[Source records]

::::::::::

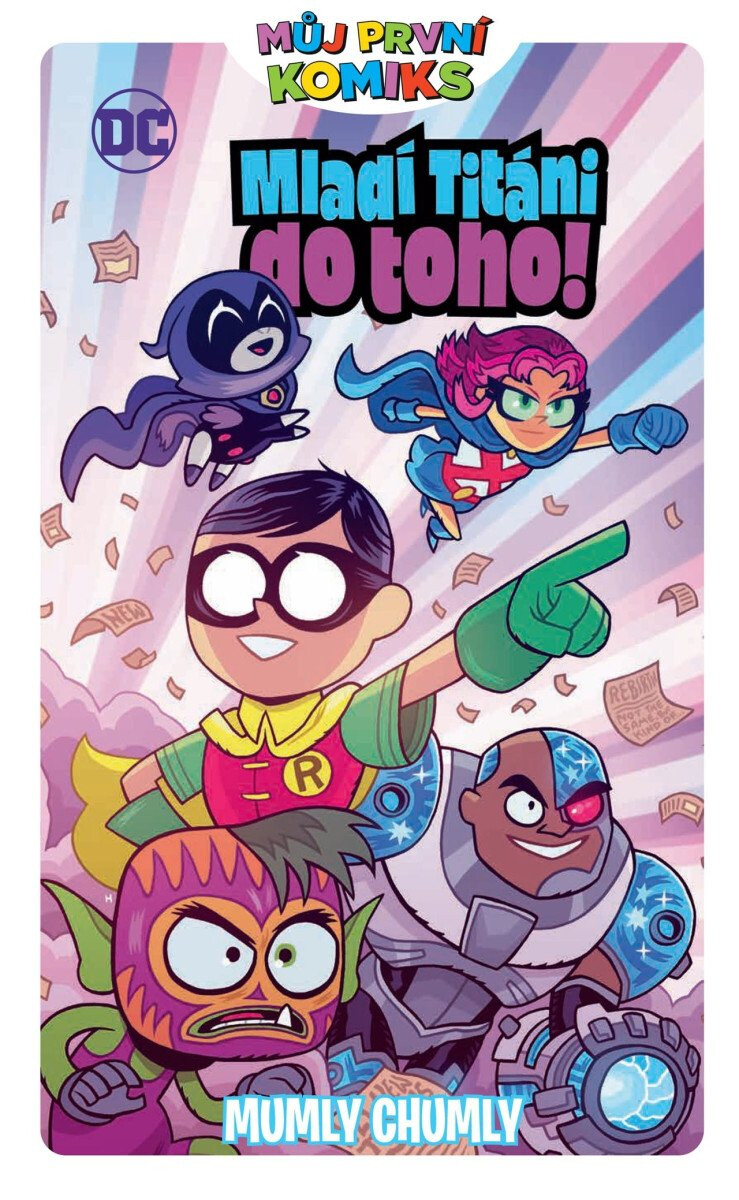 Kniha Můj první komiks: Mladí titáni do toho!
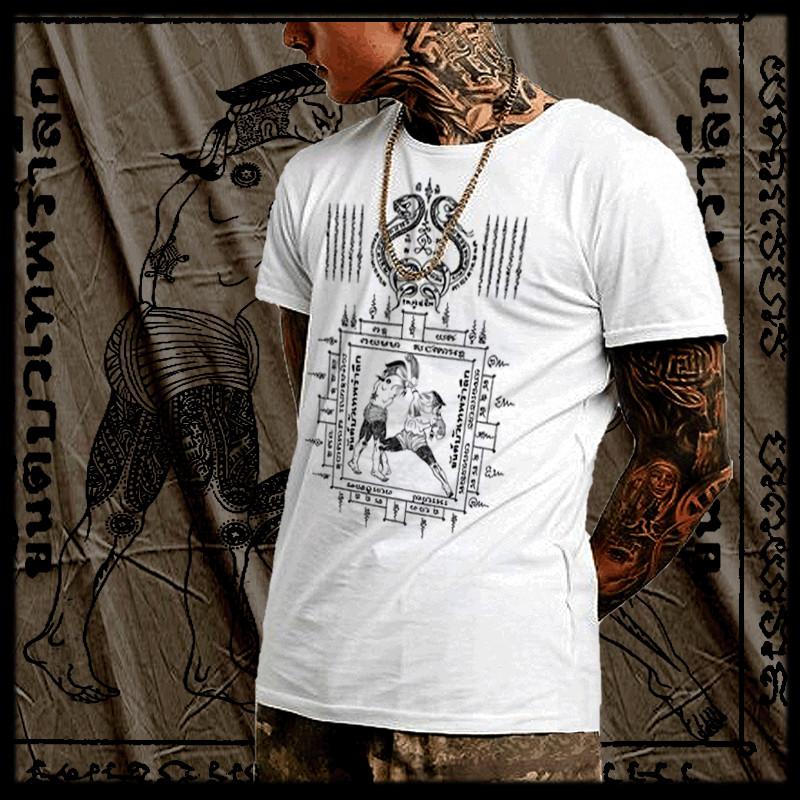

Muay Thai T-shirt Bangkok Thai boxing yantra snakes Thai Boxer Martial Arts tee 4XL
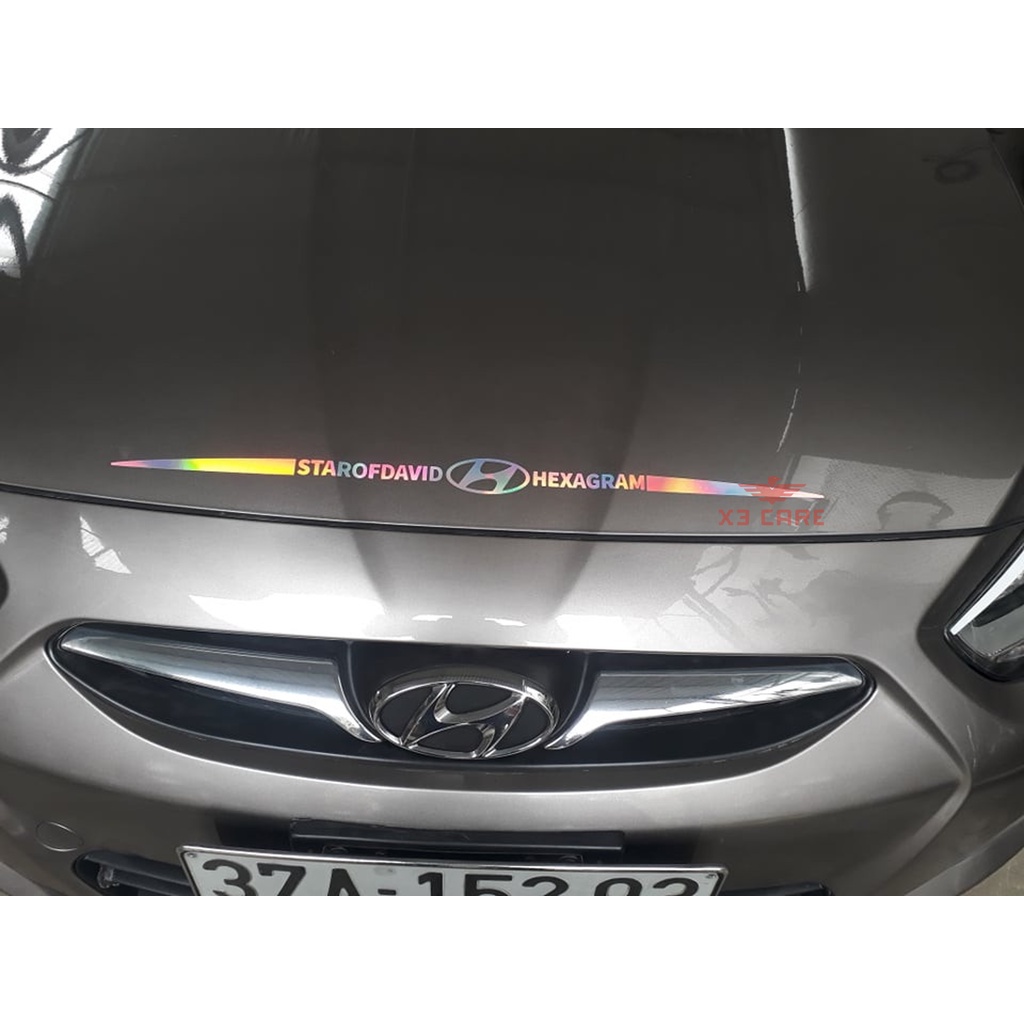 Decal Laser Nhỏ Trang Trí Xe Hơi - Miếng Dán Phản Quang Nhiều Màu - Đầy Đủ LOGO Hãng Xe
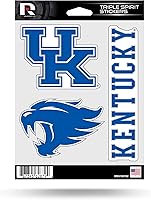 Vista 9 de Rico Industries NCAA - Lámina de adhesivos triple diseño de Alabama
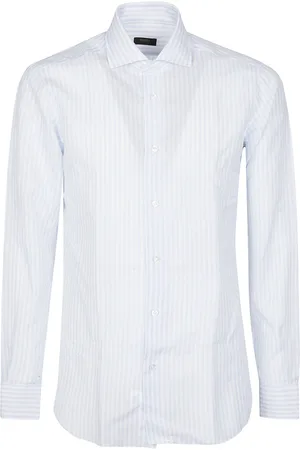 BARBA Skjorte, Herre, Hvid, 4XL, Bomuld, Stribet Neck Shirt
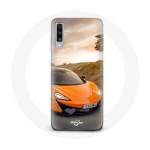 Coque pour Samsung Galaxy A70 Formule 1 McLaren F1 Orange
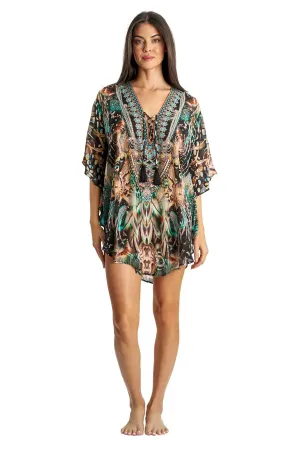 Bright & Bold Trendy Designer Vacation Kaftan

::::::::::

Task requirements: From the line that contains "Coque pour Samsung" down to the final line of the entries above, please copy each line exactly, excluding pictures.

Output for this exercise:
 Coque pour Samsung Galaxy A70 Formule 1 McLaren F1 Orange
 Bright & Bold Trendy Designer Vacation Kaftan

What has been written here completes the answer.